- **Problem**
From the listing below, output only the lines starting at the line that has "platných k datu" and ending at the line that has "TMB1 Process Flow Jp", exactly as they appear, ends included.

- **Listed entries**

::::::::

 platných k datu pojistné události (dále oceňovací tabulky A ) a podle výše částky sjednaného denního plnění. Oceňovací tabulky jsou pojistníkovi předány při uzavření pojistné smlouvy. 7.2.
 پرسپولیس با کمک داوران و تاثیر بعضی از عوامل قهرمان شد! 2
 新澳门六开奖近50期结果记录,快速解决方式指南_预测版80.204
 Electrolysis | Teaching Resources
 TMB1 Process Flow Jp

::::::::

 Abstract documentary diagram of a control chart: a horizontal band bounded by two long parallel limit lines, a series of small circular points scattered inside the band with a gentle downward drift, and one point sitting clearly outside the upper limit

::::::::

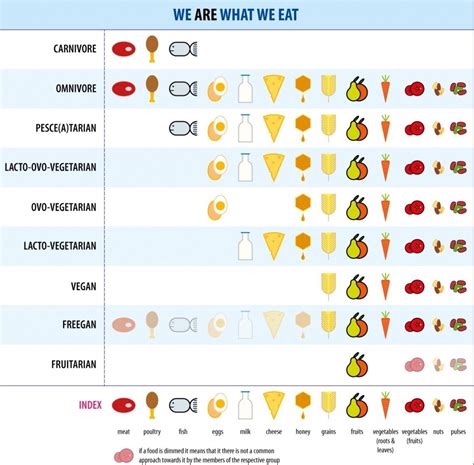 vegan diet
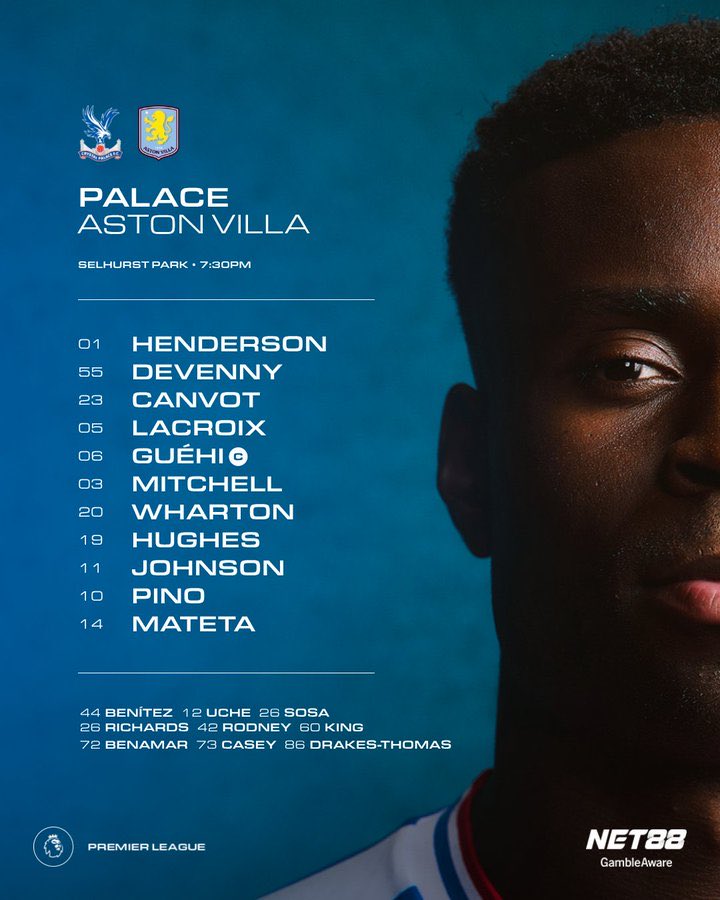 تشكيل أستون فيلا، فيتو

::::::::

- **Answer box**
 platných k datu pojistné události (dále oceňovací tabulky A ) a podle výše částky sjednaného denního plnění. Oceňovací tabulky jsou pojistníkovi předány při uzavření pojistné smlouvy. 7.2.
 پرسپولیس با کمک داوران و تاثیر بعضی از عوامل قهرمان شد! 2
 新澳门六开奖近50期结果记录,快速解决方式指南_预测版80.204
 Electrolysis | Teaching Resources
 TMB1 Process Flow Jp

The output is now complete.